Your goal — Copy exactly the lines from the first line of the records below through the line containing "Rosa von Homéa", including both, and nothing else.

Records shown —

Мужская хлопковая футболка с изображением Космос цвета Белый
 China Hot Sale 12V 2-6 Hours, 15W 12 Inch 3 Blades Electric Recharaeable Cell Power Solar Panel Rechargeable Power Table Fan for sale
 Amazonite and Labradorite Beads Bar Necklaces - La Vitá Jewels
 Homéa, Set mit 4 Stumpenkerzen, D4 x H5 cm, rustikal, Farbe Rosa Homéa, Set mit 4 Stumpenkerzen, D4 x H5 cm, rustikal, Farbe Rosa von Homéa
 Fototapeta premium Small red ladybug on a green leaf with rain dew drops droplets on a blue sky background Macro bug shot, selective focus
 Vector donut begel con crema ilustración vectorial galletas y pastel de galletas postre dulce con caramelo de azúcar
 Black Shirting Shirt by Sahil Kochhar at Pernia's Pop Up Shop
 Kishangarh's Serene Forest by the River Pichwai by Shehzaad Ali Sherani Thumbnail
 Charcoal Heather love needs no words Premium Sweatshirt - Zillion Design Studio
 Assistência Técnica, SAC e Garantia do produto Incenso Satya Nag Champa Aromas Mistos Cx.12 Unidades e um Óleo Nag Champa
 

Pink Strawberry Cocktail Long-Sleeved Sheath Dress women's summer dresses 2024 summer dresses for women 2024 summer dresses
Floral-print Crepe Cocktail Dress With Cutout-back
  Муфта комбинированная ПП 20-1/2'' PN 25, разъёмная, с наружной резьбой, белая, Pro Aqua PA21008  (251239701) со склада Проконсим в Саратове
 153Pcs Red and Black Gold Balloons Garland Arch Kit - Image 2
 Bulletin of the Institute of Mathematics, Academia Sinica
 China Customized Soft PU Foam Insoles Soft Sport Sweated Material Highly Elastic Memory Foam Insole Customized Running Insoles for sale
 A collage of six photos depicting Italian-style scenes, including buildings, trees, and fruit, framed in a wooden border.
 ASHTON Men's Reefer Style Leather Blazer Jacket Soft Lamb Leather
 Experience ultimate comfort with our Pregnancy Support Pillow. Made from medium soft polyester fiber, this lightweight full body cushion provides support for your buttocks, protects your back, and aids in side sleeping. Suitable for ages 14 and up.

The answer —
Мужская хлопковая футболка с изображением Космос цвета Белый
 China Hot Sale 12V 2-6 Hours, 15W 12 Inch 3 Blades Electric Recharaeable Cell Power Solar Panel Rechargeable Power Table Fan for sale
 Amazonite and Labradorite Beads Bar Necklaces - La Vitá Jewels
 Homéa, Set mit 4 Stumpenkerzen, D4 x H5 cm, rustikal, Farbe Rosa Homéa, Set mit 4 Stumpenkerzen, D4 x H5 cm, rustikal, Farbe Rosa von Homéa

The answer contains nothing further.